If we don't close the gap in gender differences in HPV vaccination, we will likely see an increase in HPV-related cancers, explained Anna Beavis, MD, MPH, a gynecologic oncologist fellow at Johns Hopkins University.


If we don't close the gap in gender differences in HPV vaccination, we will likely see an increase in HPV-related cancers, explained Anna Beavis, MD, MPH, a gynecologic oncologist fellow at Johns Hopkins University.

Transcript

What consequence will we see if gender differences in HPV vaccination are not addressed?
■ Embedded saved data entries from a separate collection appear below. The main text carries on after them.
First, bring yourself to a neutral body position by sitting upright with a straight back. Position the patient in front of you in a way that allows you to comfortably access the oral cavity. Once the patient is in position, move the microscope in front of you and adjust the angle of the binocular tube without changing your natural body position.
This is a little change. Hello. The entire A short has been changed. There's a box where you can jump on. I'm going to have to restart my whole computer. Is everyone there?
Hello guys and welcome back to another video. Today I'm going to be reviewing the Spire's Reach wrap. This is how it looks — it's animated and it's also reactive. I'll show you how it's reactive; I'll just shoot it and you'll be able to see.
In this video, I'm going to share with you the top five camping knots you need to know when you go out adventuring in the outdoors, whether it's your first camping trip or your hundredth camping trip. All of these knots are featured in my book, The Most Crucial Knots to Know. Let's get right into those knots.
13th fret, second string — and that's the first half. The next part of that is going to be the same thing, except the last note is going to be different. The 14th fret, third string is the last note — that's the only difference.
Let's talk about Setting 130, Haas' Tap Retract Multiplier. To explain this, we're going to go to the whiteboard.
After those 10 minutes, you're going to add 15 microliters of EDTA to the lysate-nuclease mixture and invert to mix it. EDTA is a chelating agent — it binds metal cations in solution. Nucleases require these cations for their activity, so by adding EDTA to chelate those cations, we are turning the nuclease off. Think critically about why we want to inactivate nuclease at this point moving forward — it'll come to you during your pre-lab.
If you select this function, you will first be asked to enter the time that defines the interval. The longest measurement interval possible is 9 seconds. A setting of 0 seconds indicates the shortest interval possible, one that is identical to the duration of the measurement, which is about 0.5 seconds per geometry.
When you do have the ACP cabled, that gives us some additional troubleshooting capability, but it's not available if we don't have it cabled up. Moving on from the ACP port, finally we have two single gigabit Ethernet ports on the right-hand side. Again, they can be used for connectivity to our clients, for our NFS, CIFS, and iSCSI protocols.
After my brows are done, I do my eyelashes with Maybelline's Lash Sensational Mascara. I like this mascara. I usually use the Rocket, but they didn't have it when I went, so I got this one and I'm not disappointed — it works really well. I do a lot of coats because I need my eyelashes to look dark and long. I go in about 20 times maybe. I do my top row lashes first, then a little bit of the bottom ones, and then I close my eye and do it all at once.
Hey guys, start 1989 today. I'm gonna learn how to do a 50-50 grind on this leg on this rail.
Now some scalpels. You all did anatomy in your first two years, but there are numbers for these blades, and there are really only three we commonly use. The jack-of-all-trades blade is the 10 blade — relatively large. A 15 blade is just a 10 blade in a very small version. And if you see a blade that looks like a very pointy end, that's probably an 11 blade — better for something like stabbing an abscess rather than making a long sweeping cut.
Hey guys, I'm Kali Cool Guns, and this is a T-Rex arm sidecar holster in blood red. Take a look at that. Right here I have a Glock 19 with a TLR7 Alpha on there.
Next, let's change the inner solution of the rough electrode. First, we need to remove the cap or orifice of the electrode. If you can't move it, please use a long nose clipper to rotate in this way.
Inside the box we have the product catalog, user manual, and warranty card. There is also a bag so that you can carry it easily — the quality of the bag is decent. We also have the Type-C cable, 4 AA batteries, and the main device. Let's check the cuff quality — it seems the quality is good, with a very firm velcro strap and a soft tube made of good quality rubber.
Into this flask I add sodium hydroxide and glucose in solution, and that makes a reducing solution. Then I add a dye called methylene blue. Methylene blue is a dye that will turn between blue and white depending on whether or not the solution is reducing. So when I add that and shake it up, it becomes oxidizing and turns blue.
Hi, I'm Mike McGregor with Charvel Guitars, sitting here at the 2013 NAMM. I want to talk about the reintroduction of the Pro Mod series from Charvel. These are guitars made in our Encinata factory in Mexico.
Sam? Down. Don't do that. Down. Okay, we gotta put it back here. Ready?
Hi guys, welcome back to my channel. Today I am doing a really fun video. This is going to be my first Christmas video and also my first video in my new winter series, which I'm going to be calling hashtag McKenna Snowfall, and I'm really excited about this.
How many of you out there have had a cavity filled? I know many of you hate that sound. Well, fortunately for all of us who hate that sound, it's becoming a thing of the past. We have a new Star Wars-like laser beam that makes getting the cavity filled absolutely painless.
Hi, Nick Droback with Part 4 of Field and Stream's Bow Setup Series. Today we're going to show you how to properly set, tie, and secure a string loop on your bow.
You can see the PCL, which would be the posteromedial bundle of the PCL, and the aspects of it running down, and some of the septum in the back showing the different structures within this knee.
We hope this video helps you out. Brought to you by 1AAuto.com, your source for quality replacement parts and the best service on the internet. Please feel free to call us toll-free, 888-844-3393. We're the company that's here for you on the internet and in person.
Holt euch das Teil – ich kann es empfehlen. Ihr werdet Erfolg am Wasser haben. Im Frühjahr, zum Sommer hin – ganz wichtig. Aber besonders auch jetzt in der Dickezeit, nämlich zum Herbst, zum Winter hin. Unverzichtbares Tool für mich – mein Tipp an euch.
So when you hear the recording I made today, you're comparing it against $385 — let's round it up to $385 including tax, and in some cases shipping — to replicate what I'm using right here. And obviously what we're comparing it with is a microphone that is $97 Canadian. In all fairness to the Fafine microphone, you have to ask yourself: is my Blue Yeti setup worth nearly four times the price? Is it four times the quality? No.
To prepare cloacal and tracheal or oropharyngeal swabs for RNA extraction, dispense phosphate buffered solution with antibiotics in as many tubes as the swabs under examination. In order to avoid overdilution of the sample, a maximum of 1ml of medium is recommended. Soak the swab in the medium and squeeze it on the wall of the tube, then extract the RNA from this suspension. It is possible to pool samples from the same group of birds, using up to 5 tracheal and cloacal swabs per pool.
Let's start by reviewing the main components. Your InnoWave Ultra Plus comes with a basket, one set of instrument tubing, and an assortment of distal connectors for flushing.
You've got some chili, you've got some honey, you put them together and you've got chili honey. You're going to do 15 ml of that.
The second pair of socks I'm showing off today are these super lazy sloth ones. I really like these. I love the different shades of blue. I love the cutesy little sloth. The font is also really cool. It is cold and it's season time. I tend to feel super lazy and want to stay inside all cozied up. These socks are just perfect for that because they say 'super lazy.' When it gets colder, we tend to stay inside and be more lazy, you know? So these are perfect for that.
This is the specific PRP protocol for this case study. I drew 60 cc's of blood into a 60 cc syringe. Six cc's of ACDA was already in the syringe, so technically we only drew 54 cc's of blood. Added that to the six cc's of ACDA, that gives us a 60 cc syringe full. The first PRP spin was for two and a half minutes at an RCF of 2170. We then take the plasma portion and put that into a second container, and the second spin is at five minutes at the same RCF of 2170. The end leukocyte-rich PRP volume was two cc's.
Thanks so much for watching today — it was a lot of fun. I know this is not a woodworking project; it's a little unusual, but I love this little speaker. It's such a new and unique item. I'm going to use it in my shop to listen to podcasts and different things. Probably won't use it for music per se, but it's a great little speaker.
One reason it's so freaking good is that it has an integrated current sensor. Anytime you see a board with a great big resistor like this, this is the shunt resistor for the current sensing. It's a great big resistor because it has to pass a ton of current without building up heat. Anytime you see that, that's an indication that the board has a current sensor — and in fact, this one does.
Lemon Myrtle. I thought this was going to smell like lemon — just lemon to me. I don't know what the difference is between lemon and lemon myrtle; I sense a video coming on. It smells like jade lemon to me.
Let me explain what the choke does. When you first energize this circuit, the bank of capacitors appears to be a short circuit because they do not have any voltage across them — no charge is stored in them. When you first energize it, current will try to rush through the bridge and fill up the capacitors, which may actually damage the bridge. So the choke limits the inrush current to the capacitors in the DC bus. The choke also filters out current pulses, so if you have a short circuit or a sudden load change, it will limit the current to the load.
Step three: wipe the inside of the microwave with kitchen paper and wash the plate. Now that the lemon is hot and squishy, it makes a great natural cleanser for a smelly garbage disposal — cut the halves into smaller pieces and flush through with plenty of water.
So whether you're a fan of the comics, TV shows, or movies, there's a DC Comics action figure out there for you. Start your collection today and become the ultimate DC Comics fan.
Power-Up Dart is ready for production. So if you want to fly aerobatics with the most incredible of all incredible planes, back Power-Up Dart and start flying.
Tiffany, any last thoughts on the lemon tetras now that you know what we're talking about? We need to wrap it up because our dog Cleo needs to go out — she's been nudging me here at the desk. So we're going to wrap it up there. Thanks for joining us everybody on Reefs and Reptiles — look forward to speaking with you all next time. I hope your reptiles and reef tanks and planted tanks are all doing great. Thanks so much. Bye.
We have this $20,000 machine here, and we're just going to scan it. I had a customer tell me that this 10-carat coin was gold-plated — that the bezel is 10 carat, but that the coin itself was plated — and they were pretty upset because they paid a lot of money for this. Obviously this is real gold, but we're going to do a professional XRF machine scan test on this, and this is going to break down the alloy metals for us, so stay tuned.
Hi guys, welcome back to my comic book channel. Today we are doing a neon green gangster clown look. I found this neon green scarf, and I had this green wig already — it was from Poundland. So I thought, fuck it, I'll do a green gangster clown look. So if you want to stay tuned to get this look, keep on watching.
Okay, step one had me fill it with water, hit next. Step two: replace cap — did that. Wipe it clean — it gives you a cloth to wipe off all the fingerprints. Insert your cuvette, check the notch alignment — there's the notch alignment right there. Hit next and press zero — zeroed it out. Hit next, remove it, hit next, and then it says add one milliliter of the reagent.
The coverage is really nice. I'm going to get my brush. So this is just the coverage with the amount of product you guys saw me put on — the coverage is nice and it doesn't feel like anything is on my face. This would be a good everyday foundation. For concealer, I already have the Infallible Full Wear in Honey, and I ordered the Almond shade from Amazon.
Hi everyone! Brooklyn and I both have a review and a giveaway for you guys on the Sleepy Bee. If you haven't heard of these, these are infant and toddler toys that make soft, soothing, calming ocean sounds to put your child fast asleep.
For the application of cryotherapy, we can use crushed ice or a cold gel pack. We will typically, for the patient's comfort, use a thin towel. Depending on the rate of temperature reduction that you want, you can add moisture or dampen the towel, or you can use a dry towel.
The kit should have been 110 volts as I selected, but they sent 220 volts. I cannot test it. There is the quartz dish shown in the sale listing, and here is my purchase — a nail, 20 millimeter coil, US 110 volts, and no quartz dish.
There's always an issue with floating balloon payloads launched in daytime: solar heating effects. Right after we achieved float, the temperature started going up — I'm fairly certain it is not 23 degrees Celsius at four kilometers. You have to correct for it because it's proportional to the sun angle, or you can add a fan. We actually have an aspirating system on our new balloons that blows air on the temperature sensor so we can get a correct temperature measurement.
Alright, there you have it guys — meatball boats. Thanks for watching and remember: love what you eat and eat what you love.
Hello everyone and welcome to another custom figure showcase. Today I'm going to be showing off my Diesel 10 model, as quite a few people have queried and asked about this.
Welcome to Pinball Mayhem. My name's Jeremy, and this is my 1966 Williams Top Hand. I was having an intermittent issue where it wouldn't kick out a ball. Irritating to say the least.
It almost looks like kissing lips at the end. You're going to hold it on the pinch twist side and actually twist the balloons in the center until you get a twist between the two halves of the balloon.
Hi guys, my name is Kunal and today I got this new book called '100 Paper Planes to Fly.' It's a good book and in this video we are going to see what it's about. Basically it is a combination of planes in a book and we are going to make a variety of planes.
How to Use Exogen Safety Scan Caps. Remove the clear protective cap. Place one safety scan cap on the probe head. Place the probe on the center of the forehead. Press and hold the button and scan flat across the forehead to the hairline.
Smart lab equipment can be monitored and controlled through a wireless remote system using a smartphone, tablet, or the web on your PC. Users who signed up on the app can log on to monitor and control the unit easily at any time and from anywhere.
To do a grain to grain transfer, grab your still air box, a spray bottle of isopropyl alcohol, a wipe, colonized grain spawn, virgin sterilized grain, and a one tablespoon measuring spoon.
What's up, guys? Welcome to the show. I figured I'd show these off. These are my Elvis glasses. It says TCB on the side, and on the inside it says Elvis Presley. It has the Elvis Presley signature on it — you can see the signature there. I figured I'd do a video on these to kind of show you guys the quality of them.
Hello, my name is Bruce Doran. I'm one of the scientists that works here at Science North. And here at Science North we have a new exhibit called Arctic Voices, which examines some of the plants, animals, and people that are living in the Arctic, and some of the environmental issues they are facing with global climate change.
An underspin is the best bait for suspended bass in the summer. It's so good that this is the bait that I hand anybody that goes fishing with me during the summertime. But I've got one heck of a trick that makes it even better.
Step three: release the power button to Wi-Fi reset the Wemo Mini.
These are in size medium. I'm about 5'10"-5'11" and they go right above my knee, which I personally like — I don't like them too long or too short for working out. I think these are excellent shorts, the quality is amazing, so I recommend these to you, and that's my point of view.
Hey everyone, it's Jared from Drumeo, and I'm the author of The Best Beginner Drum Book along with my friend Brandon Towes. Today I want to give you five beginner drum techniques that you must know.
If we don’t close the gap in the HPV vaccination disparity that we see by gender in the United States, then we’ll likely still see a reduction in cervical cancer, but not as big a reduction we could see if we vaccinated both boys and girls. For both boys and girls, cancer of the mouth and throat, as well as anal cancers, that are associated with HPV, those will continue to increase. We’re already seeing an increase in those HPV-related cancers, especially in boys.

Are there any efforts you see right now aimed at closing these gaps?

Yes. There are a multitude of efforts. Some are at the state level, some are at the healthcare system level, some at the physician level, and others are at the community level. I think it’s going to take a very diverse and varied approach at all of these levels in order to improve vaccination rates.